**ENTRIES PROVIDED**
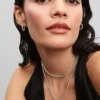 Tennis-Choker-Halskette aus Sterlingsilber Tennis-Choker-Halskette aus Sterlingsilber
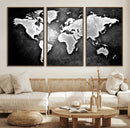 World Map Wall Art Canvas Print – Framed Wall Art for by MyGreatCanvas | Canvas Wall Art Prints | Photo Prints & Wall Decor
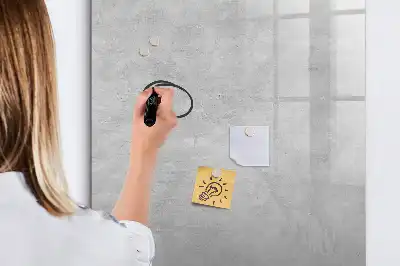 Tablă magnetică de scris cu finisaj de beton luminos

--

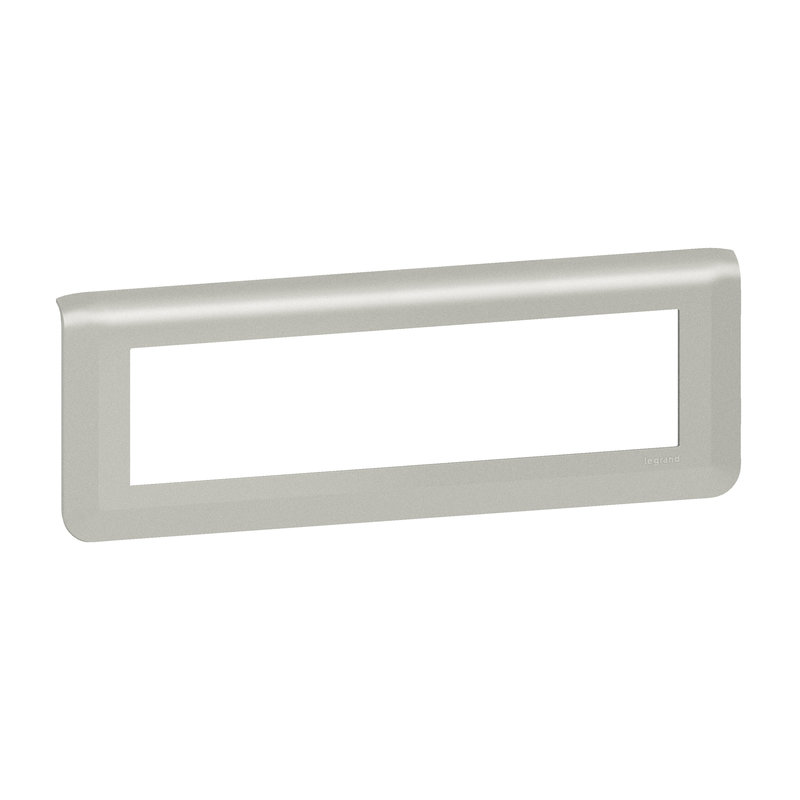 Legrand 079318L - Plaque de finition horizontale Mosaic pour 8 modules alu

--

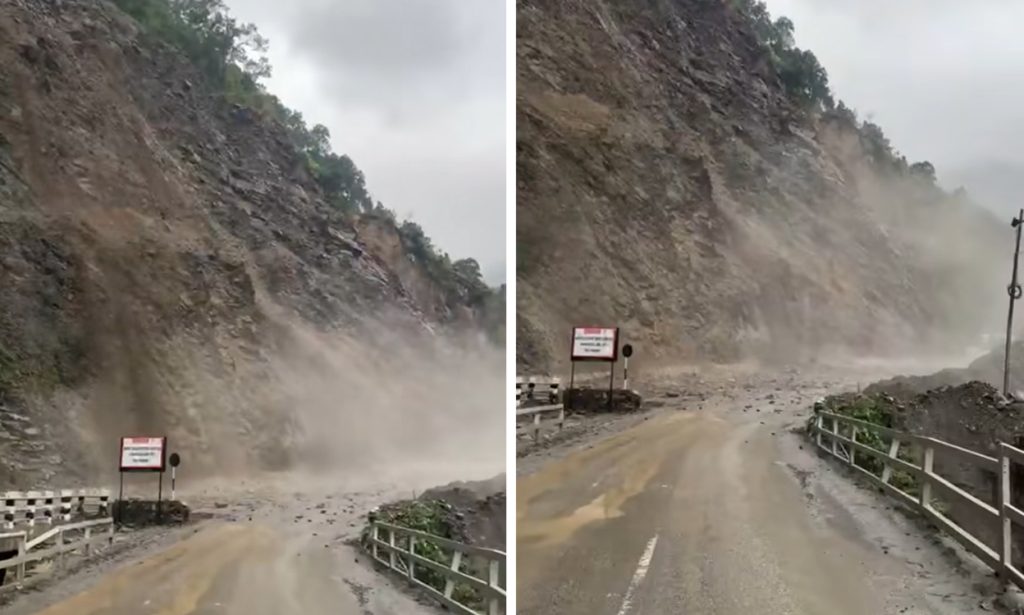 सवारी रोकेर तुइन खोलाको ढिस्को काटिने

**WORK INSTRUCTION**
Above are some entries. Restate word for word the lines from the one holding "World Map Wall" through the one holding "Tablă magnetică de", but not the pictures.

**ANSWER SPACE**
 World Map Wall Art Canvas Print – Framed Wall Art for by MyGreatCanvas | Canvas Wall Art Prints | Photo Prints & Wall Decor
 Tablă magnetică de scris cu finisaj de beton luminos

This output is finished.